Reputation: 361
I have a column of data in a dataframe that is formatted with commas as shown (first table). I am able to separate it into three columns (second table), however, would like to use this function so I can split the data into as many columns as there may be in the data rather than having to specify in this case 5 columns for the second table. How would I go about doing this with this function or similar functions? Thanks!
split_data <- separate(df,"M1", c("M1.1","M1.2","M1.3","M1.4","M1.5"), sep = ",", fill = "right")
id | M1 |
---|---|
1 | blue,green,yellow |
2 | orange,green |
3 | orange,purple,blue,pink,white |
id | M1.1 | M1.2 | M1.3 | M1.4 | M1.5 |
---|---|---|---|---|---|
1 | blue | green | yellow | NA | NA |
2 | orange | green | NA | NA | NA |
3 | orange | purple | blue | pink | white |
Upvotes: 0
Views: 1059
Reputation: 160437
I'm inferring tidyverse from your use of separate
(though I won't be using that function
library(dplyr)
library(tidyr) # unnest, pivot_wider
df %>%
mutate(M1 = strsplit(M1, "[,\\s]+")) %>%
unnest(M1) %>%
group_by(id) %>%
mutate(v = paste0("M1.", row_number())) %>%
pivot_wider(id, names_from = "v", values_from = "M1") %>%
ungroup()
# # A tibble: 3 x 6
# id M1.1 M1.2 M1.3 M1.4 M1.5
# <int> <chr> <chr> <chr> <chr> <chr>
# 1 1 blue green yellow <NA> <NA>
# 2 2 orange green <NA> <NA> <NA>
# 3 3 orange purple blue pink white
M1s <- strsplit(df$M1, "[,\\s]+")
M1s <- do.call(rbind, lapply(M1s, `length<-`, max(lengths(M1s))))

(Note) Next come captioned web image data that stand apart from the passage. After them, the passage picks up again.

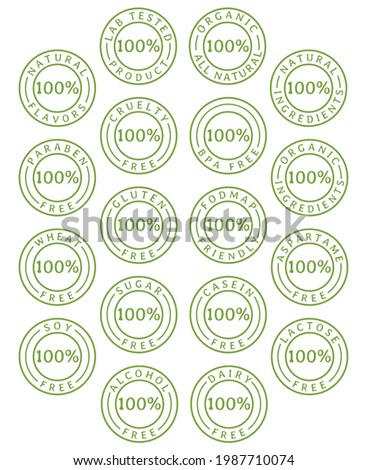 Natural and organic food line icons set. Symbols of nutrients are common in food products collection. Gluten free, lactose free, sugar free, lactose free, vegan. Nutrition facts icon.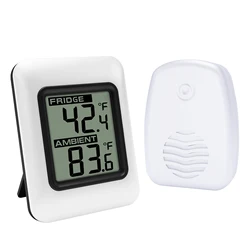 Smart Wireless Digital Refrigerator Thermometer with Remote Sensor and Large LCD Display (WHITE)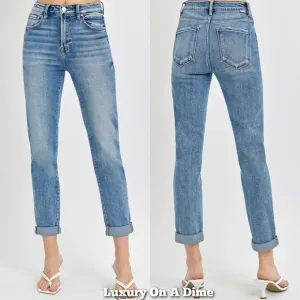 RISEN High-Rise Straight Leg Cuffed Rolled Up Cropped Hem Mom Jeans Denim Pants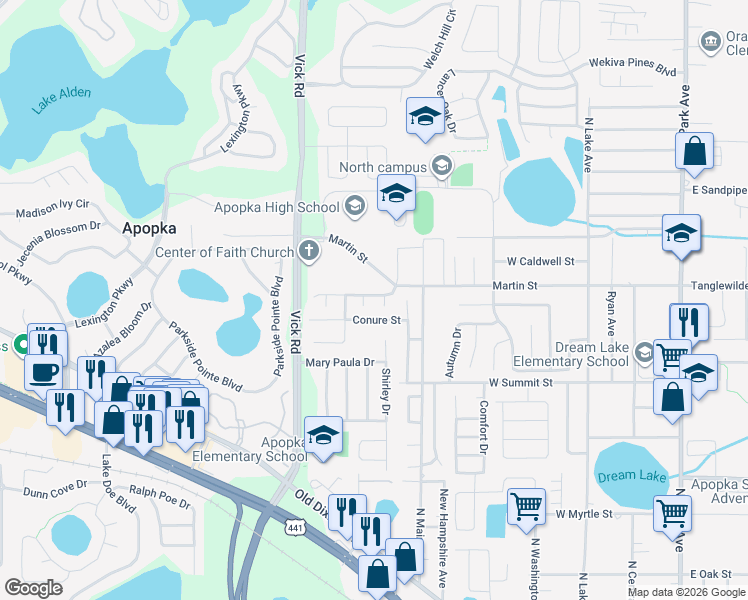 map of restaurants, bars, coffee shops, grocery stores, and more near 518 Cardinal Court in Apopka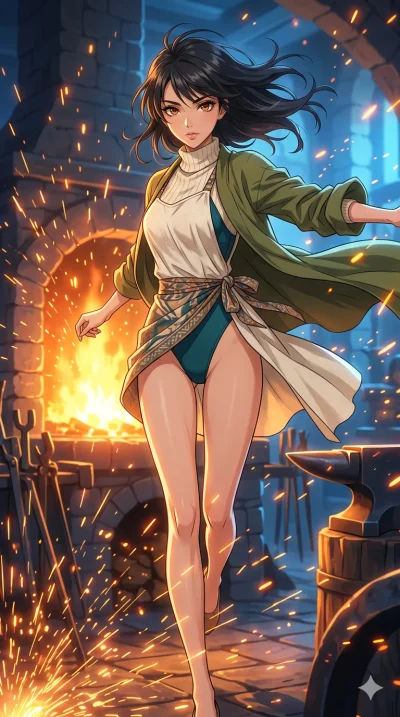 score_9, masterpiece, best quality, ultra-detailed, High-budget Anime Keyframe, beautiful Japanese anime girl. Upper body close-up from the thighs up, character filling the screen for maximum presence. Leaping through a shower of sparks from a giant 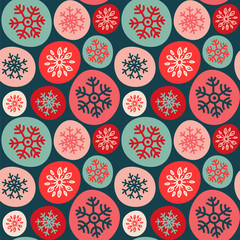 Snowflakes in the circles. Seamless vector pattern.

colnames(M1s) <- paste0("M1.", seq_len(ncol(M1s)))
cbind(subset(df, select = -M1), M1s)
# id M1.1 M1.2 M1.3 M1.4 M1.5
# 1 1 blue green yellow <NA> <NA>
# 2 2 orange green <NA> <NA> <NA>
# 3 3 orange purple blue pink white
library(data.table)
DT <- as.data.table(df)
cbind(DT[, .(id)], DT[, tstrsplit(M1, "[,\\s]+")])
# id V1 V2 V3 V4 V5
# <int> <char> <char> <char> <char> <char>
# 1: 1 blue green yellow <NA> <NA>
# 2: 2 orange green <NA> <NA> <NA>
# 3: 3 orange purple blue pink white
(and then use setnames
to rename them).
Data
df <- structure(list(id = 1:3, M1 = c("blue,green,yellow", "orange,green", "orange,purple,blue,pink,white")), class = "data.frame", row.names = c(NA, -3L))
Upvotes: 3
Reputation: 2670
data <- read.table(
textConnection("id M1
1 blue,green,yellow
2 orange,green
3 orange,purple,blue,pink,white"),header=T)
library(stringr)
library(dplyr)
library(tidyr)
max_size <- data %>% select(M1) %>% pull %>%sapply(function(x) str_count(x,pattern = ',')) %>%max + 1
data %>%separate('M1', paste("M1", 1:max_size, sep="."), sep=",", extra="drop")
output;
id M1.1 M1.2 M1.3 M1.4 M1.5
<int> <chr> <chr> <chr> <chr> <chr>
1 1 blue green yellow NA NA
2 2 orange green NA NA NA
3 3 orange purple blue pink white
Upvotes: 0